‘Don’t go, I need you,’ Turkey, EU tell each other

‘Don’t go, I need you,’ Turkey, EU tell each other

France’s new consul general to Istanbul, Bertrand Buchwalter, lived twice in Turkey before being appointed to his last post. He came to Ankara to live for the first time as a young boy, only to come back to the city as a young diplomat.

Married to a Turkish wife, Buchwalter speaks fluent Turkish.

Speaking a foreign language is one thing, knowing and enjoying a foreign culture is another. “I like Turkish music,” he said during the speech he delivered last week at a reception. And he made reference to one of the songs of Turkey’s most famous singer for more than three decades, the late Zeki Müren, calling him a legendary artist. The name of the song is “Don’t go, I need you.”

“Turks and Europeans, we need to say this to each other: Don’t go, I need you,” said Buchwalter.

It seems this is exactly what Turks and Europeans have ended up telling each other.

Despite the call of the European Parliament, the 27 foreign ministers of the European Union decided not to halt membership talks, resisting Austria’s demand to suspend the talks as a reaction to the Turkish government’s anti-democratic practices.

They have done so, despite consistent and persistent verbal attacks by Turkish President Recep Tayyip Erdoğan.

He kept giving messages that the EU is not indispensable for Turkey and that the country had other alternatives like the Shanghai Cooperation Organization.

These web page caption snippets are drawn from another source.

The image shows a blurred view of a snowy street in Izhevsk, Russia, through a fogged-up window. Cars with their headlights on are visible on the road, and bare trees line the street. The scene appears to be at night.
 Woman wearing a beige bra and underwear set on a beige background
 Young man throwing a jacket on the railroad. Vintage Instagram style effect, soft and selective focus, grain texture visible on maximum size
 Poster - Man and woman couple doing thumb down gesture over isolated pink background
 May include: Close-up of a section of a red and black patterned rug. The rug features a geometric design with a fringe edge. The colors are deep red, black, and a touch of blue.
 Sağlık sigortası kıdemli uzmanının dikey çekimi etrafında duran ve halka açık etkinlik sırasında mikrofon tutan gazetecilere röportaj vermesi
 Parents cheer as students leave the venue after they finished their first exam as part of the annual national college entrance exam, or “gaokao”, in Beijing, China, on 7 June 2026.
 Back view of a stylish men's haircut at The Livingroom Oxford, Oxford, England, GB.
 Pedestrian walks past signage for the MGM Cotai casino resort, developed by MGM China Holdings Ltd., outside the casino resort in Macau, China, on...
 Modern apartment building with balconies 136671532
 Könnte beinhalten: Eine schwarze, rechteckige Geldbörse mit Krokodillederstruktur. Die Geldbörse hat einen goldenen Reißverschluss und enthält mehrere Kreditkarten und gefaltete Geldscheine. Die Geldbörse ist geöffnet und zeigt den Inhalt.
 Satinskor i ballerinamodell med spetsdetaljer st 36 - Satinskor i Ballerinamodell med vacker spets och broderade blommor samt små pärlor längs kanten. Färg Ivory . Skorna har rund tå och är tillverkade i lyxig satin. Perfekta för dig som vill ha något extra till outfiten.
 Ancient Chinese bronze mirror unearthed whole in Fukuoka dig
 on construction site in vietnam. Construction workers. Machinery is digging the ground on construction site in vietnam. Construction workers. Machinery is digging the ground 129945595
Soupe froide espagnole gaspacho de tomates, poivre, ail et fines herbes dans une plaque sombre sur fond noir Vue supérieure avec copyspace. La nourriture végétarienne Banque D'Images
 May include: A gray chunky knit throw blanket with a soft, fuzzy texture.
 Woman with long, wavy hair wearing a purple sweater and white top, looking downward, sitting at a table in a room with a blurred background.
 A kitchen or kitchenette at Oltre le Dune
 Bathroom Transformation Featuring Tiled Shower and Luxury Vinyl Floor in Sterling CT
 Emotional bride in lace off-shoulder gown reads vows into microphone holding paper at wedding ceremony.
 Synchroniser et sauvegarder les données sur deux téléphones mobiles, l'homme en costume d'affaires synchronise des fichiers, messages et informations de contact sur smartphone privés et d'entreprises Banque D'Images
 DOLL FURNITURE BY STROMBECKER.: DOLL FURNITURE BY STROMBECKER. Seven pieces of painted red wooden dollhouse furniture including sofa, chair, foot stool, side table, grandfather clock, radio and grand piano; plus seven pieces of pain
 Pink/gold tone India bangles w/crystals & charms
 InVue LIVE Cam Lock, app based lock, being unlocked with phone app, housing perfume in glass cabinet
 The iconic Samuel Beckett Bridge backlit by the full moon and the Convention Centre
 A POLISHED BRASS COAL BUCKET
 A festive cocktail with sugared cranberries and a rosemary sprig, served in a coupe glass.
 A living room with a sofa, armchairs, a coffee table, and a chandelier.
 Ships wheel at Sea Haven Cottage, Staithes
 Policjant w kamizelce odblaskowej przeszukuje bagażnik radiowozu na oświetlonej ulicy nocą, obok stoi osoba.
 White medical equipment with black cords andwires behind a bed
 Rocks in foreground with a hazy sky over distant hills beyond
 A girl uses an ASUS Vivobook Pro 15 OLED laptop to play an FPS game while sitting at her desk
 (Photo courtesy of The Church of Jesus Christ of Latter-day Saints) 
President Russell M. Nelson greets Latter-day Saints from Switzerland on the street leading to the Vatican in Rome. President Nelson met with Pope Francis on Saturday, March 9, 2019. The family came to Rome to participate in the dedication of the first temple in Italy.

Erdoğan even talked about taking the membership issue to a referendum in Turkey. 

What is interesting is that, while President Erdoğan continued his discourse to give the impression to the public that relations with EU are not that critical for Turkey, Turkish diplomats in European capitals were lobbying against a decision to suspend talks. And the essential message given to convince their interlocutors on why the EU should not halt the talks was in line with the Zeki Müren song: “Turkey and the EU need each other.”

It seems Turkey speaks on a certain tune in Turkish for internal consumption and prefers another tune in English for external balance.

European capitals are obviously aware of this double discourse. And obviously, they have not taken this decision to do a favor to Turkey. Indeed, European capitals (and especially those who matter and also, this time, all but one) do know that they need to keep the channels of dialogue open. Halting the talks and heading for a collision course would not help since Turkey would have certainly retaliated had there been a suspension of talks. Cooperation on key issues like refugees and terrorism would have been negatively affected.

While EU capitals stopped short of a suspension, by refusing to open new chapters, accession talks are actually going to look as though they are frozen. 

Some may ask, “What’s the difference if membership talks are officially alive but physically dead?”

The difference is that an official suspension would have made itself felt as a detrimental effect on an already-ailing Turkish economy and that is one of the primary reasons why the government has instructed its envoys in Europe to lobby against a suspension, in clear contradiction to President Erdoğan’s anti-Western discourse.
In the case of Turkey, even the semblance of accession talks has its benefits.